For me, I would divide fairy tale retellings that I enjoy into three categories:
1) The almost-literal retelling, which are really more a reinterpretation into more beautiful or poetic language. I used to subscribe to Parabola magazine and they would always have several retellings of this sort — more like short stories where the central events are unchanged, just recast in pretty language. These work, I think, because they are short. So pretty language can carry them.
2) The “bones given flesh” version as another commenter called it — where the central story is there, and the reason that it works as a novel is that the rest of the world has been filled in around it — we get reasons why Rumplestiltskin wants the baby, or why the princess is locked in the tower. The single motif is woven into a greater tapestry. I also did enjoy A Curse as Dark as Gold and McKinley’s Beauty, as examples of this.
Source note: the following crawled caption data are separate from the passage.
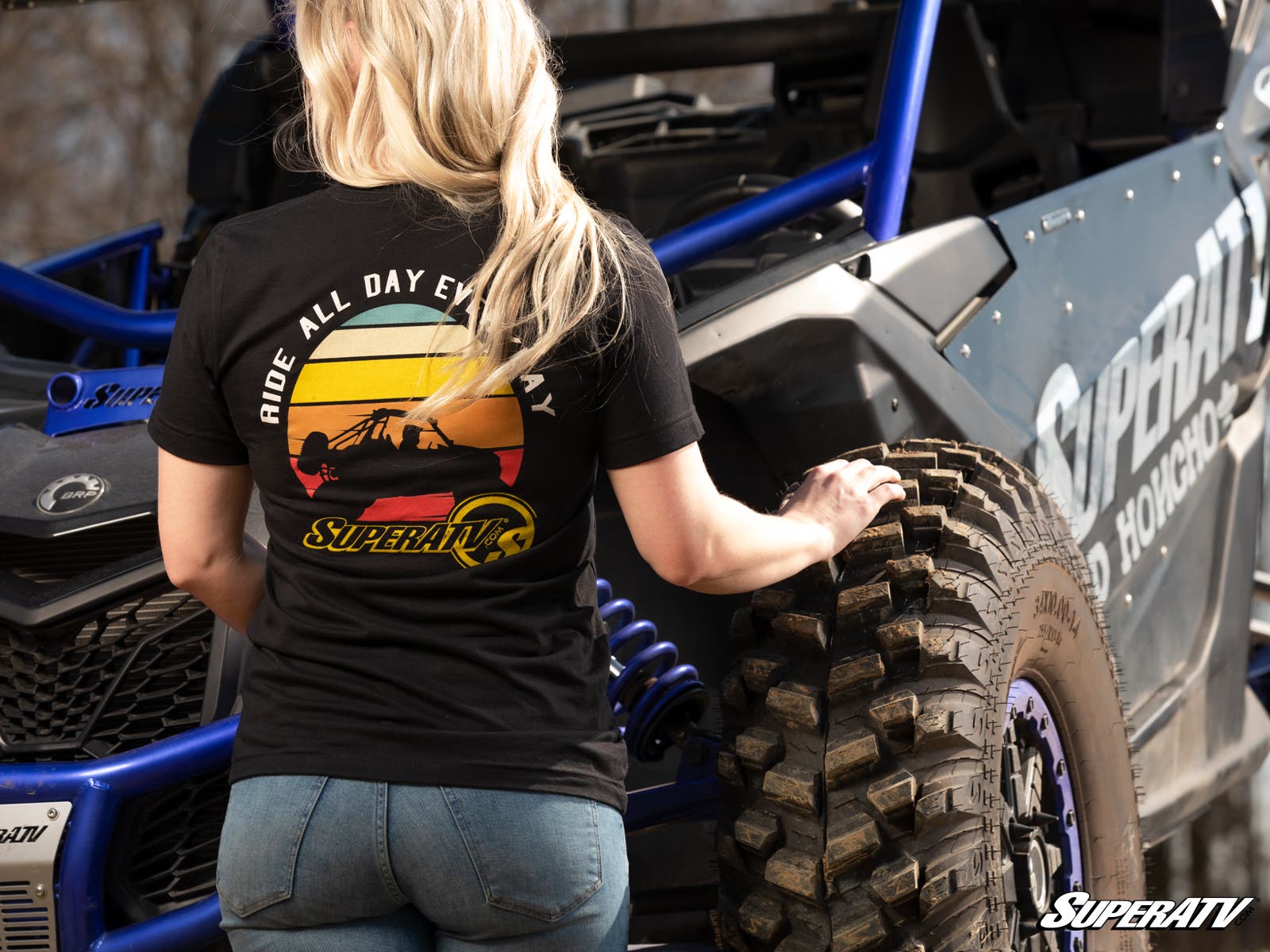 Black Ride All Day Every Day Unisex T-Shirt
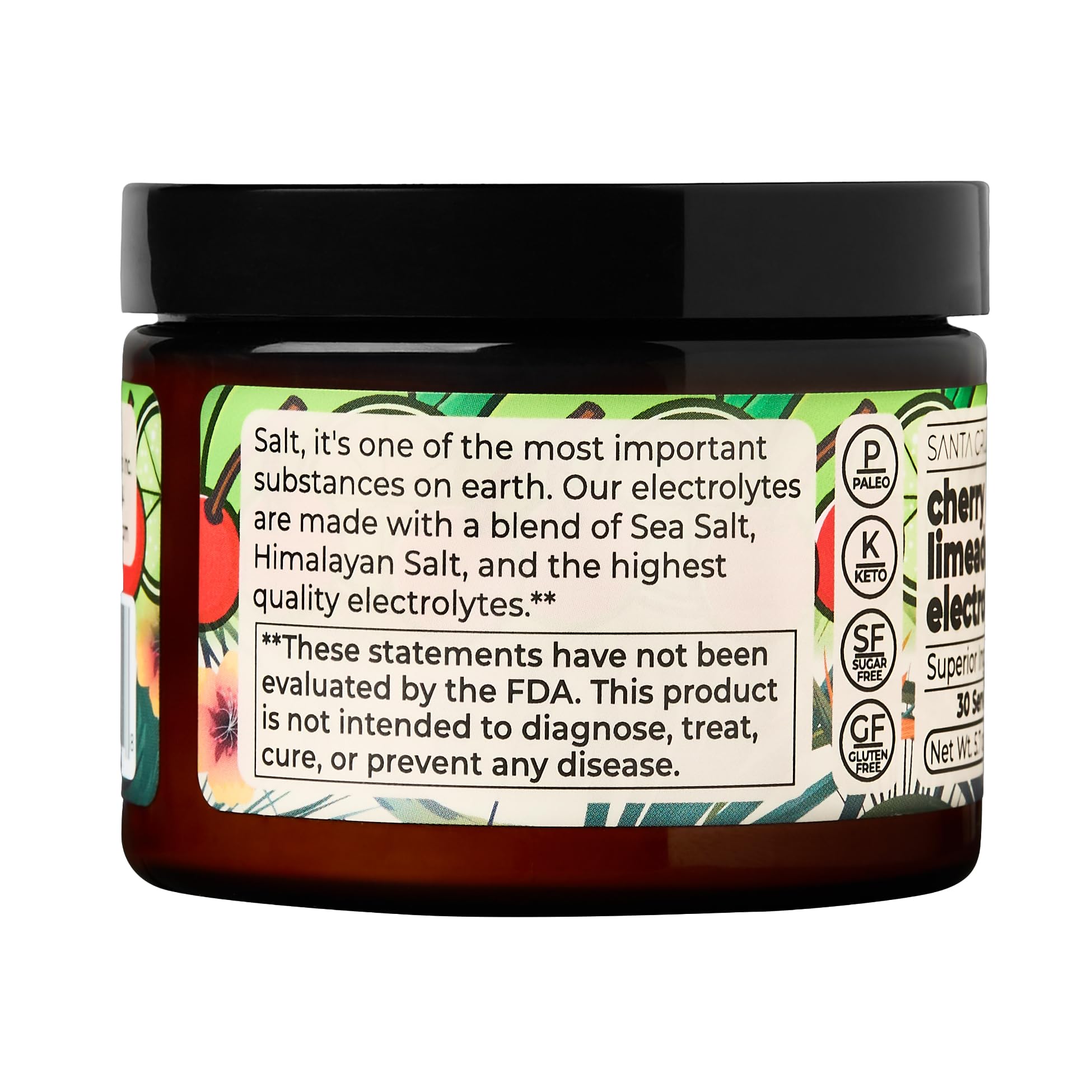 Potassium chloride feature in Santa Cruz Paleo Electrolyte Powder for electrolyte balance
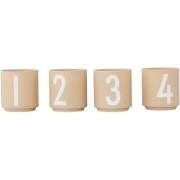 Design Letters - Design Letters Espressokuppi 4 kpl Beige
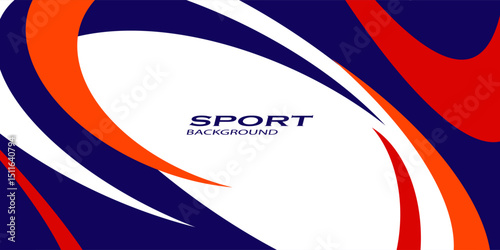 National sports day celebration design featuring illustrations of basketball, soccer, volleyball, and tennis athletes on a sporty background. Can be used for banners, web, etc. Sports day concept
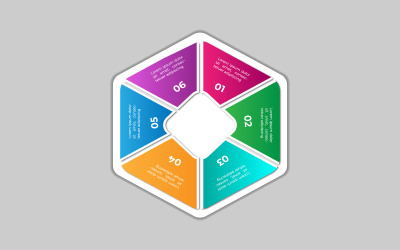 Polygon-Vektor-EPS-Geschäftsinformationsdatenvorlage.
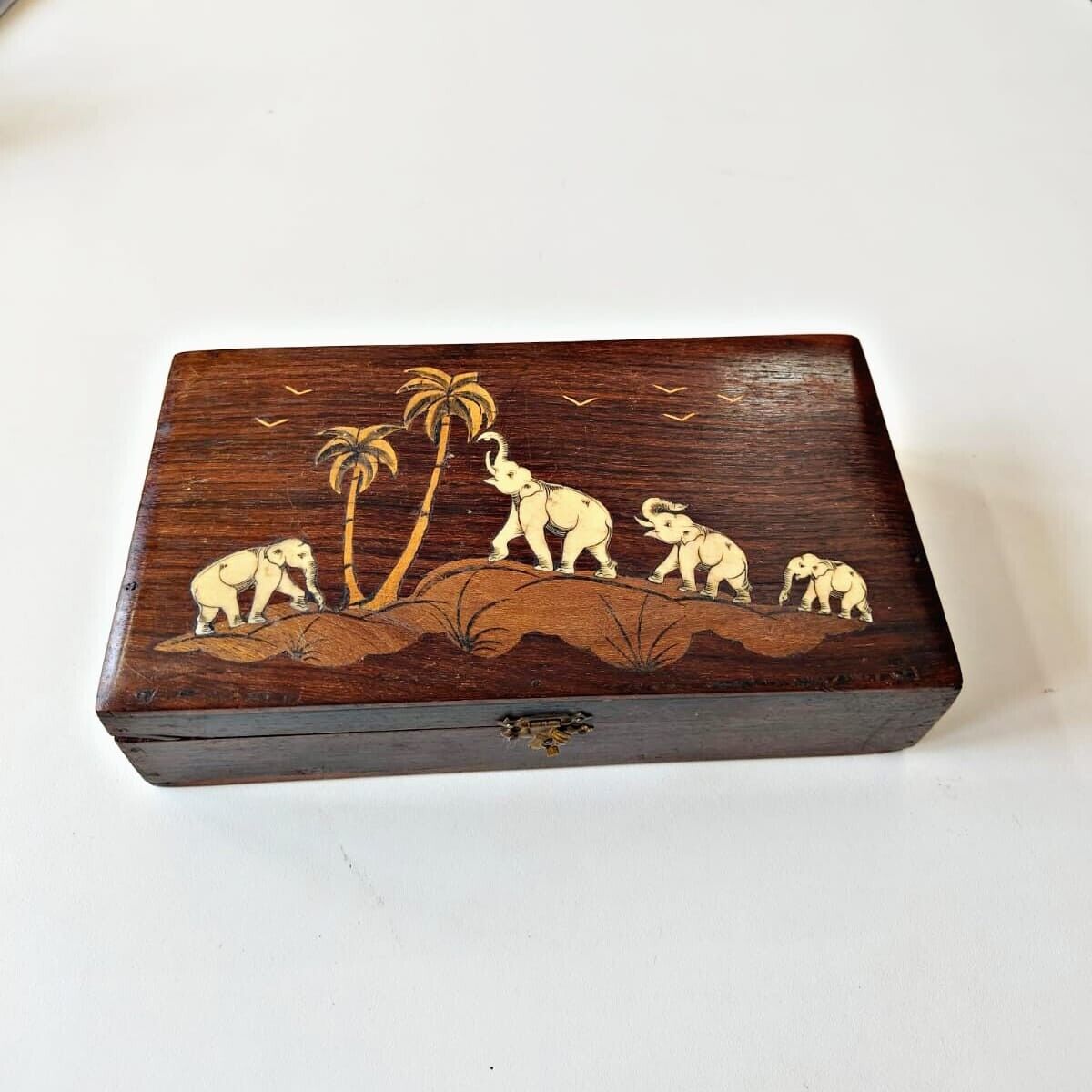 1950s Vintage Rosewood Jewellery Box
Or, explanding to myth and “mythic feel”, books like Elizabeth Wein’s The Winter Prince (Arthur) and the Attolia books (not based on actual myths, but I could totally imagine they could be. With these books it’s almost like you’re seeing the real original story, that was simplified and turned around over the years into something told over a campfire or to a child at night. So the appeal is in going deeper, in feeling the setting and the characters richly and truly.
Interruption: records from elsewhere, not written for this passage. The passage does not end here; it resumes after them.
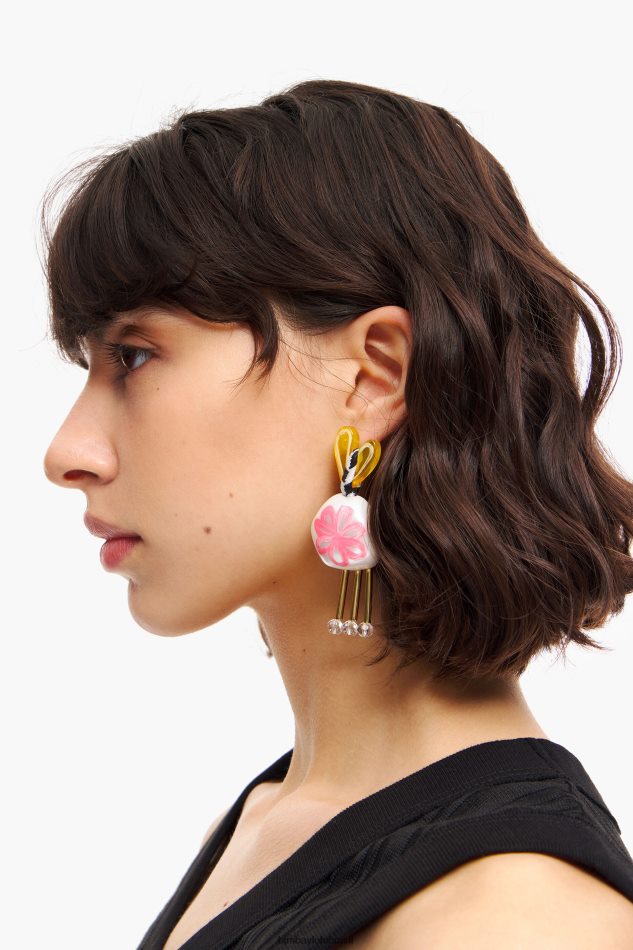 acessórios Bimba Y Lola brincos de coração de resina multicolorido P28JFH744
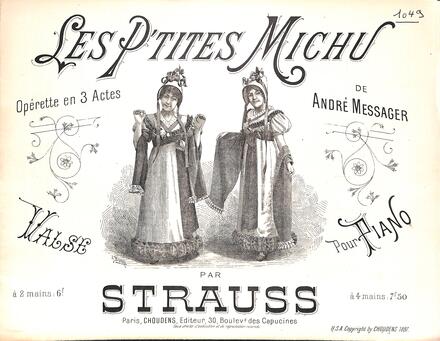 Les P'tites Michu, valse d'après Messager (Strauss)
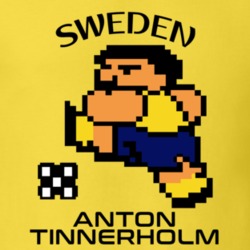 Anton Tinnerholm Tecmo Soccer Sweden World Cup Favorite Player T Shirt 34257218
3) The “cool idea” retelling: where the basis of the story is some fairy-tale element or archtype is reinterpreted in a particularly neat fashion. I suspect these are almost always humorous. Ella Enchanted the Enchanted Forest books by Patricia Wrede, for example. For me, these don’t need to be as deep or rich in character or setting, because that’s not why I’m reading them. I’m looking for cleverness and humor and something cool and unexpected. That’s not to say the examples I named are not deep or rich, of course, just that books in this category can get away with being more… over the top? caricatureish?… and I will still enjoy them.
I tend to think that probably a lot of the books that don’t work for me so well fall between these too — they aren’t rich and deep enough to satisfy my one need, nor are they clever or funny enough for the other. Having written this out now I think I was going for category 3 in my own Fortune’s Folly, so I know I did not build my world as richly as other things I’ve written. If I did it over again that’s something I’d probably focus on more, but all I can do now is apply these thoughts to the future.
And one other thought I had: while not a book I think the musical Into the Woods (one of my all-time favorites!) is another example of #3 done well. The setting is straight fairy-tale and some of the characters are very archetypal at times (although they do deepen quite a lot, especially as the story progresses) but it works marvelously. The plot does so many clever things and asks so many interesting questions (and it doesn’t hurt that the music is brilliant).
What about you guys (or, you guys who haven’t already commented on Sarah’s post)? What do you look for in a fairy tale retelling?